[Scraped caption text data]

********************

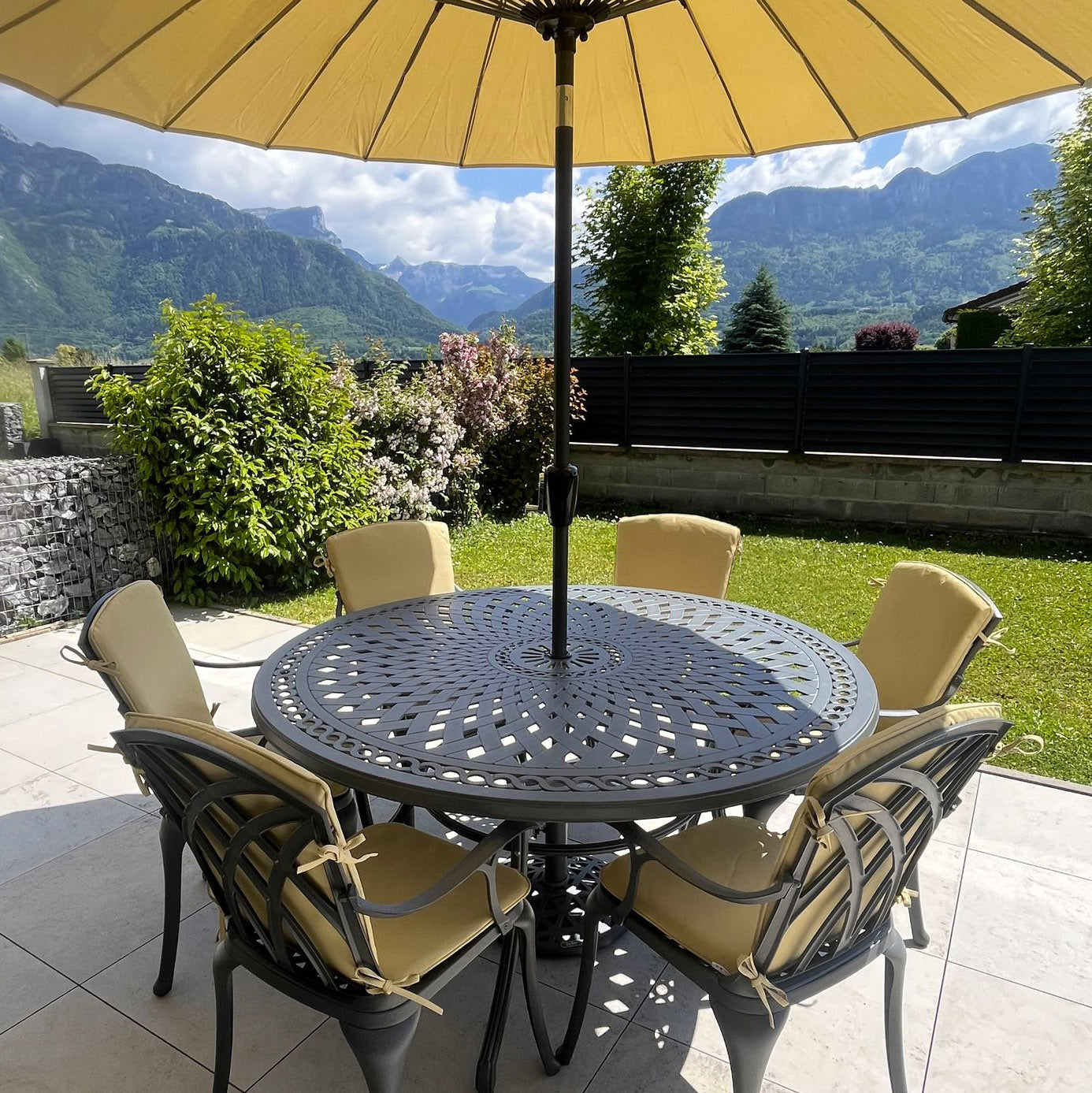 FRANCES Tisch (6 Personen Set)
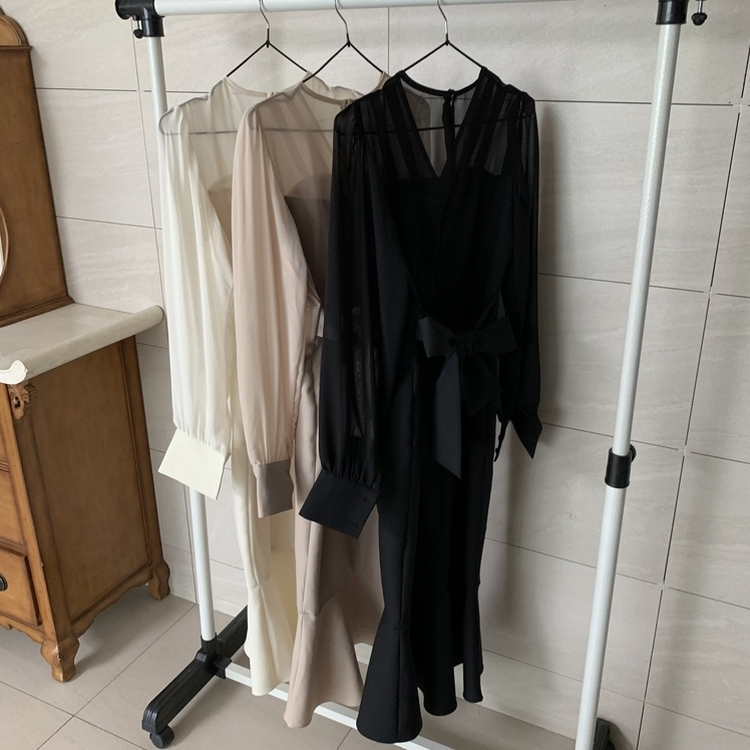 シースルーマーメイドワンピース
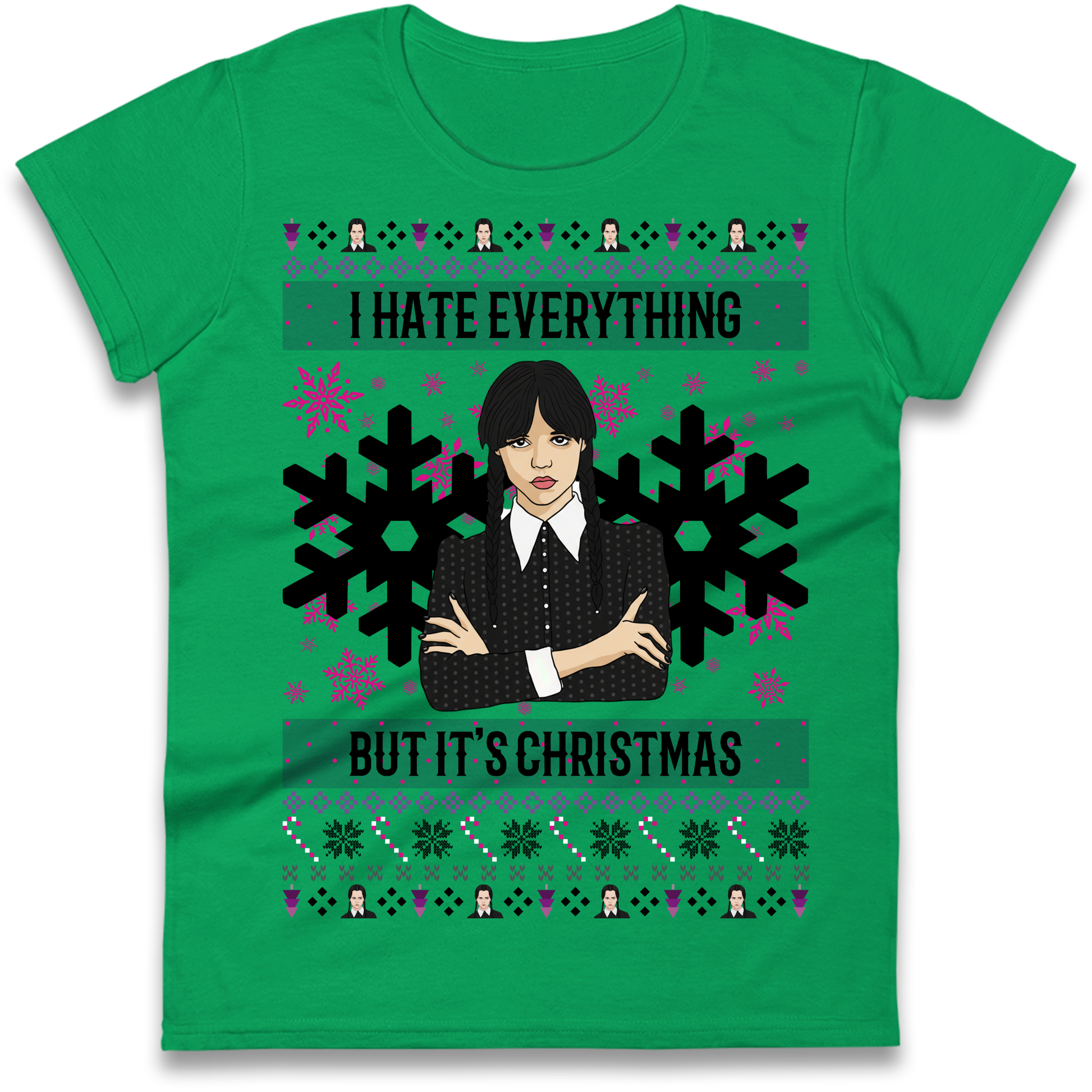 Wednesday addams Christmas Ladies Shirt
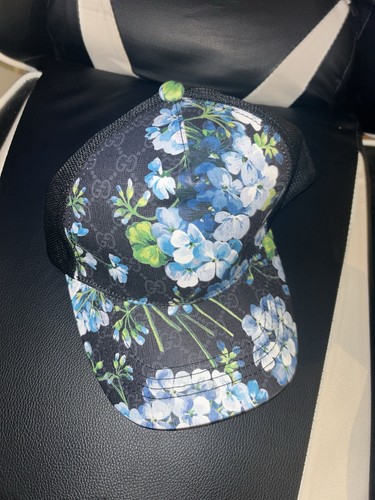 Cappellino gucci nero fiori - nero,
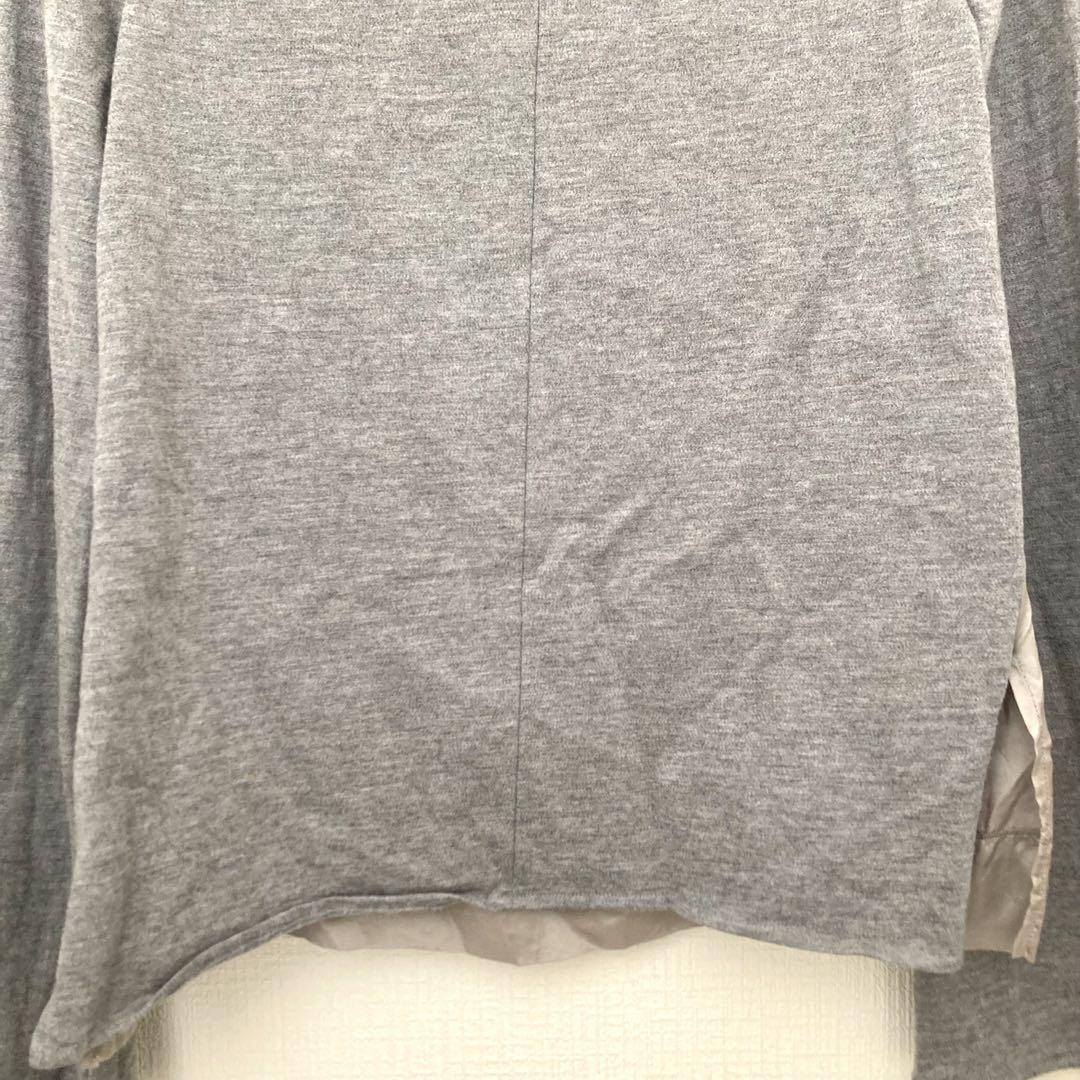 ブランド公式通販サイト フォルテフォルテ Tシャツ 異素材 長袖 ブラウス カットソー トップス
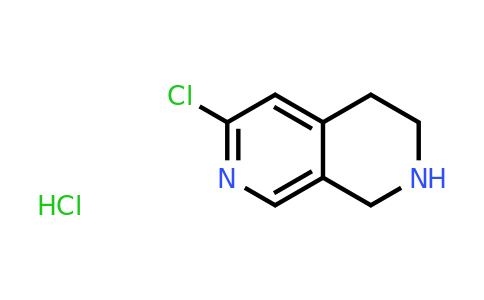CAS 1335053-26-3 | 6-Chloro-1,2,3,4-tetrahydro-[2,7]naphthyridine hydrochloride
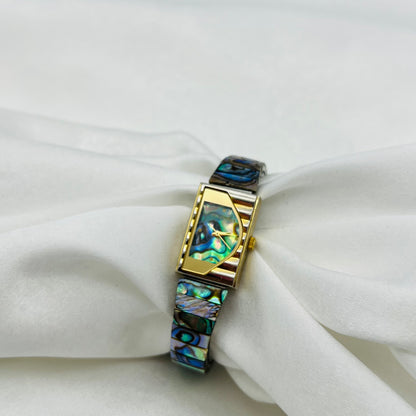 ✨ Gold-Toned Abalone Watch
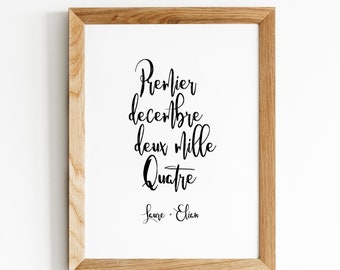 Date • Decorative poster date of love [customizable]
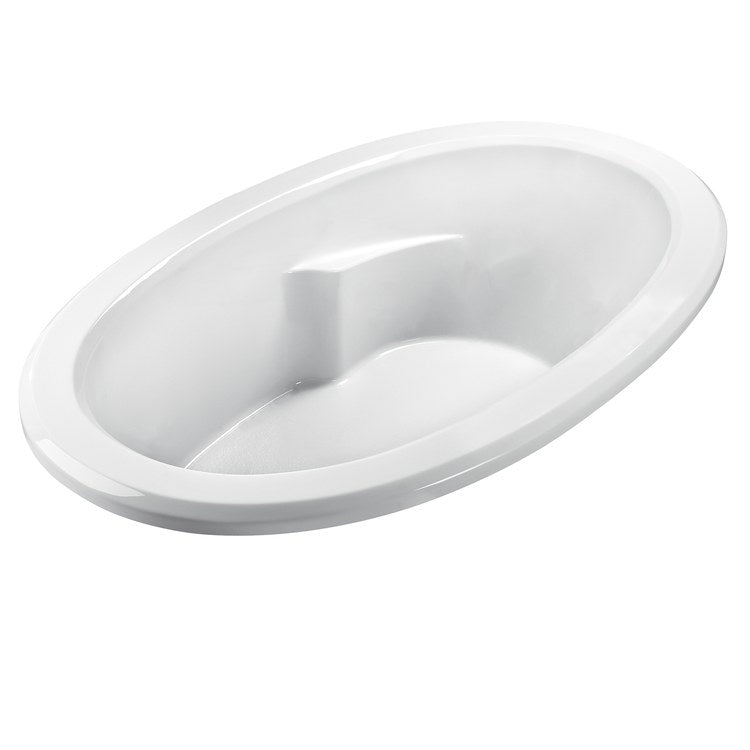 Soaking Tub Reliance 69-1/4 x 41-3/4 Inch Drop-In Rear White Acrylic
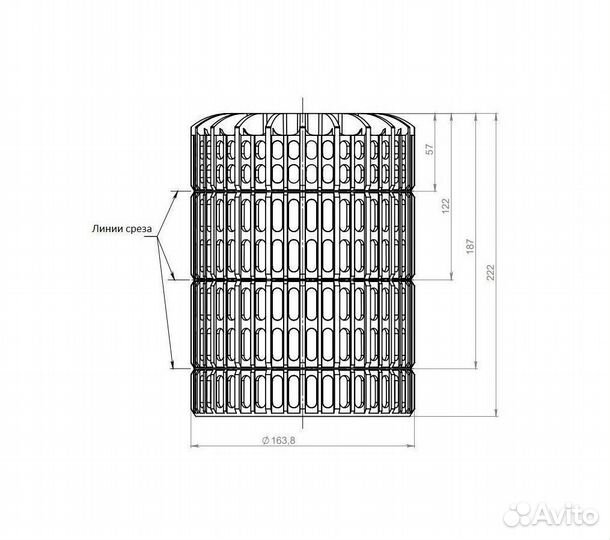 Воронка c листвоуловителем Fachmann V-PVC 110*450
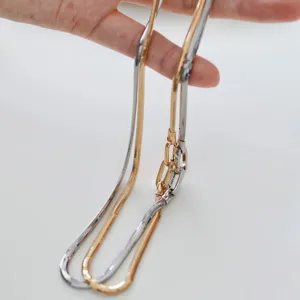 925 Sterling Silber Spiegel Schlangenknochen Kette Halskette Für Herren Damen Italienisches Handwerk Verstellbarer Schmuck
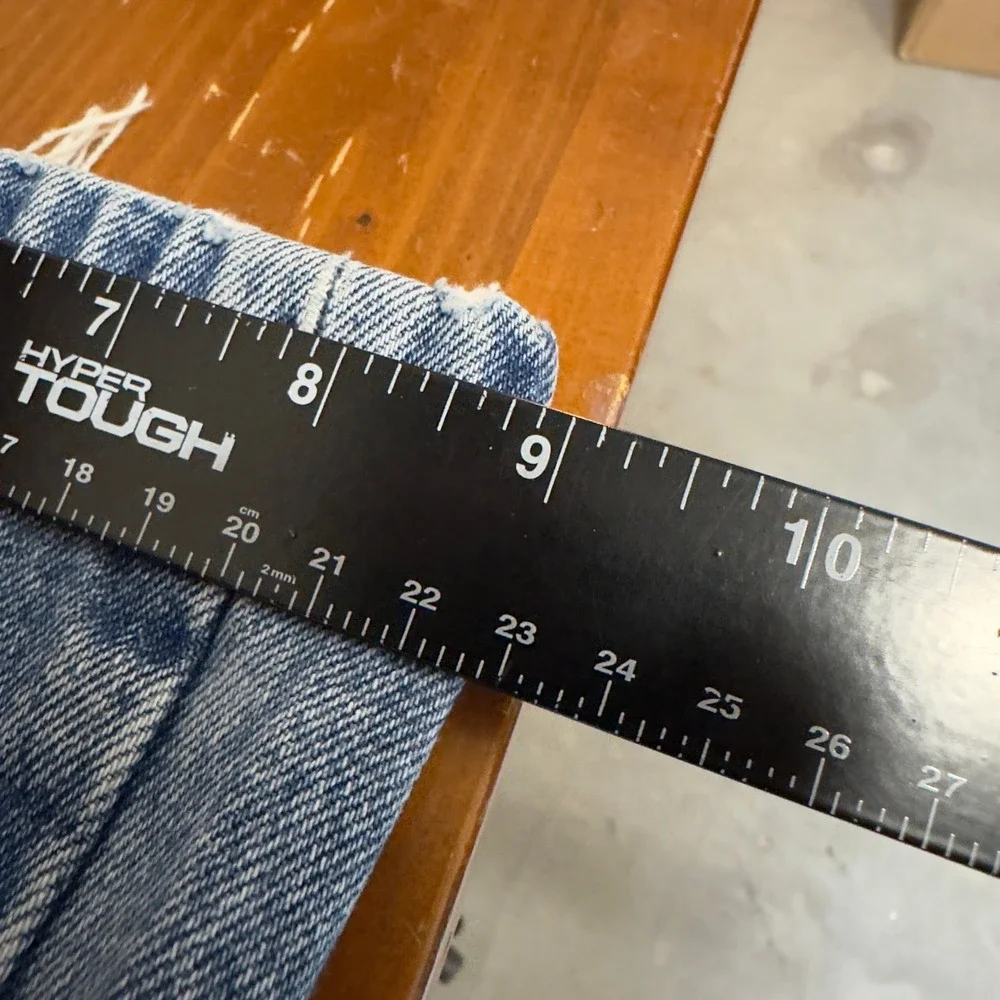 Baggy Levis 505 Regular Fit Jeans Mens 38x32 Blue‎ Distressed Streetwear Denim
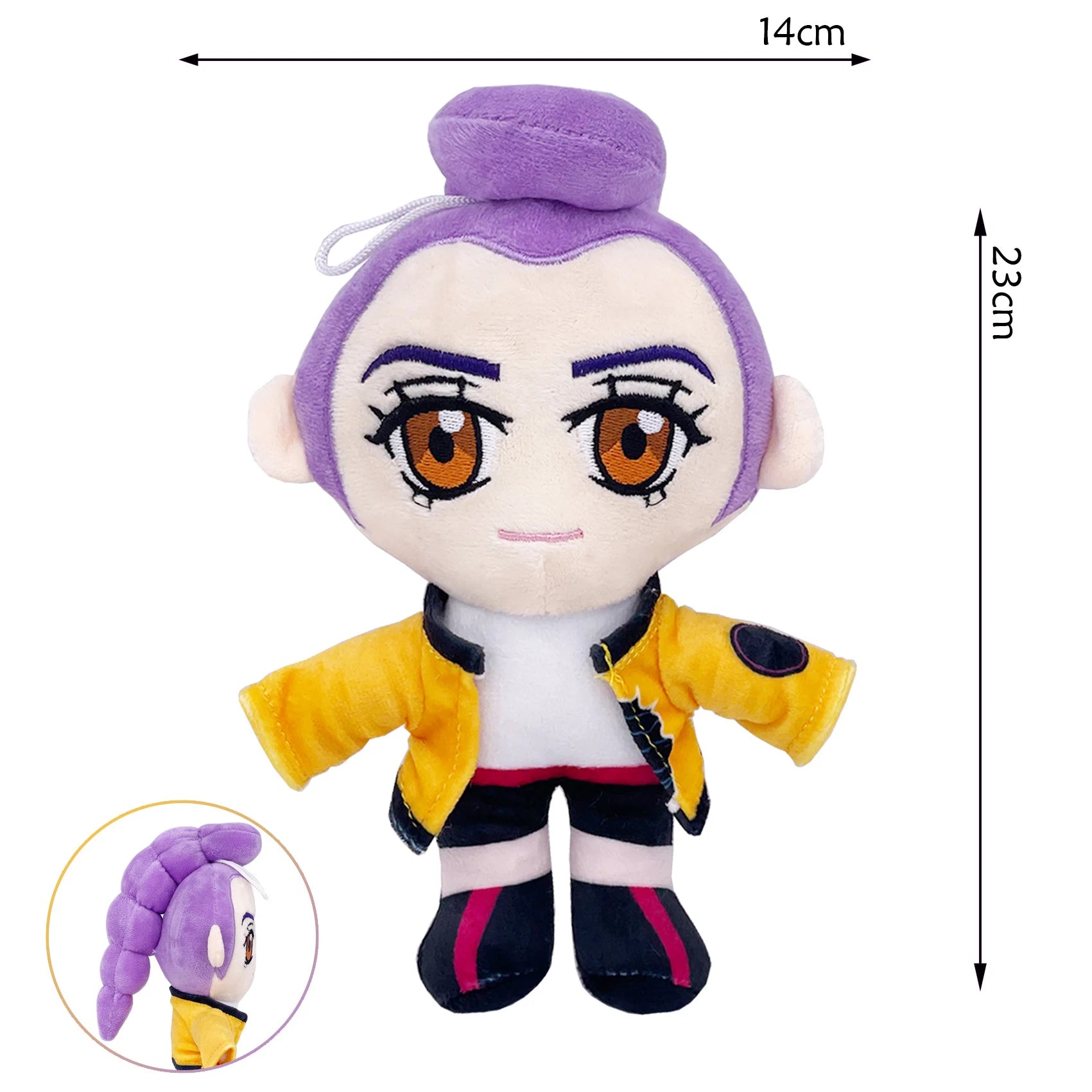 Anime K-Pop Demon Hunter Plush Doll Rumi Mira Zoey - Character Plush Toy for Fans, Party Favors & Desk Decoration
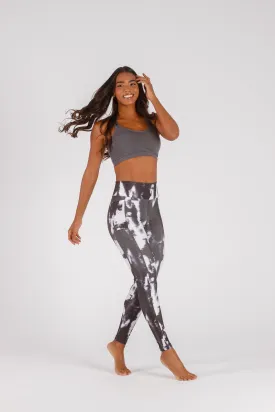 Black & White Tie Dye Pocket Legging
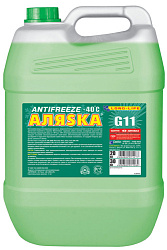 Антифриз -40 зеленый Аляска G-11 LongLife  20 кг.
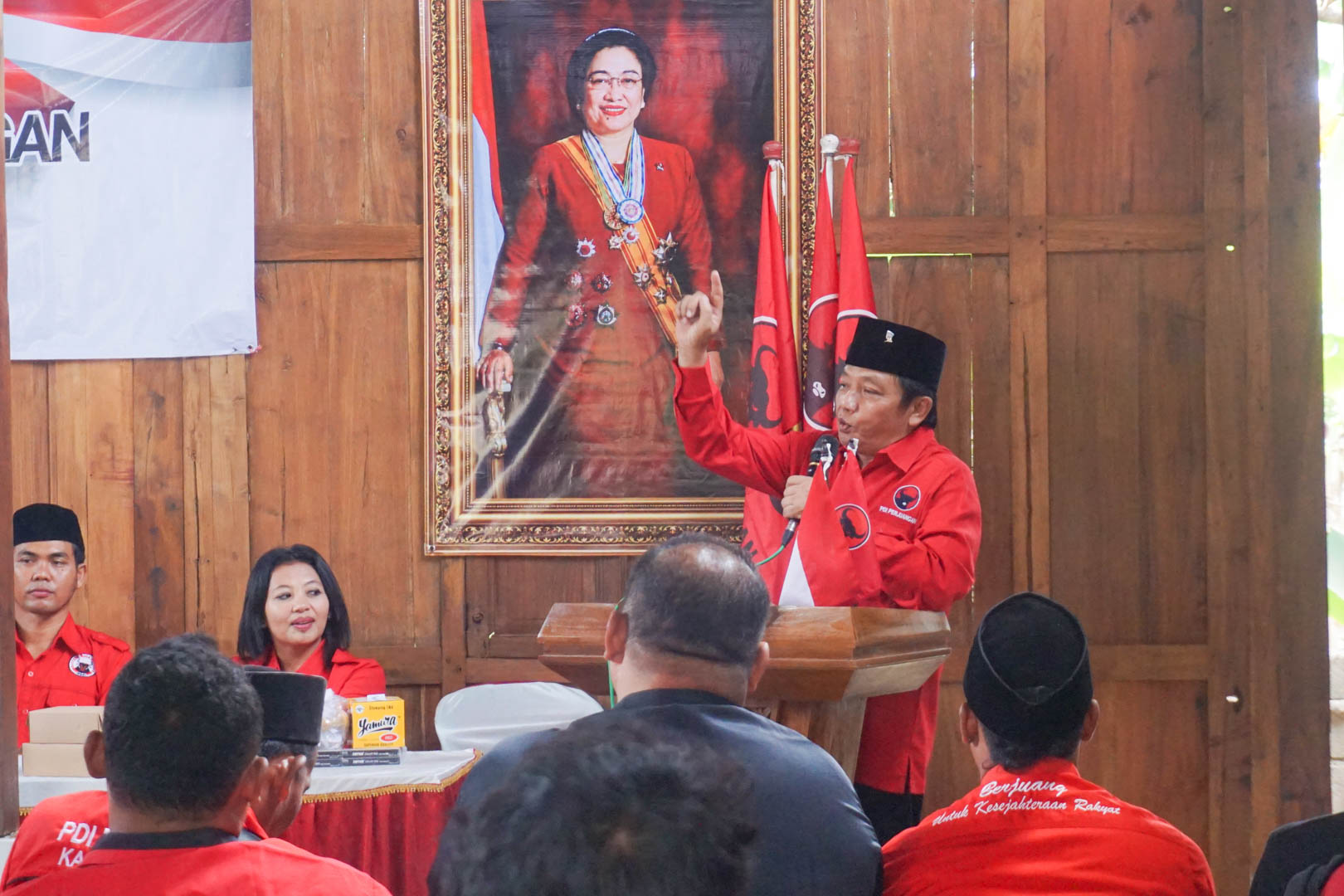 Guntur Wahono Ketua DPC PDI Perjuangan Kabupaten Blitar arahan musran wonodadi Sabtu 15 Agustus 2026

********************

Required work | There should be an exact restatement of the lines from the line with "Soaking Tub Reliance" through the last line of the entries above, and no pictures in it.

Solution for this exercise |
 Soaking Tub Reliance 69-1/4 x 41-3/4 Inch Drop-In Rear White Acrylic
 Воронка c листвоуловителем Fachmann V-PVC 110*450
 925 Sterling Silber Spiegel Schlangenknochen Kette Halskette Für Herren Damen Italienisches Handwerk Verstellbarer Schmuck
 Baggy Levis 505 Regular Fit Jeans Mens 38x32 Blue‎ Distressed Streetwear Denim
 Anime K-Pop Demon Hunter Plush Doll Rumi Mira Zoey - Character Plush Toy for Fans, Party Favors & Desk Decoration
 Black & White Tie Dye Pocket Legging
 Антифриз -40 зеленый Аляска G-11 LongLife  20 кг.
 Guntur Wahono Ketua DPC PDI Perjuangan Kabupaten Blitar arahan musran wonodadi Sabtu 15 Agustus 2026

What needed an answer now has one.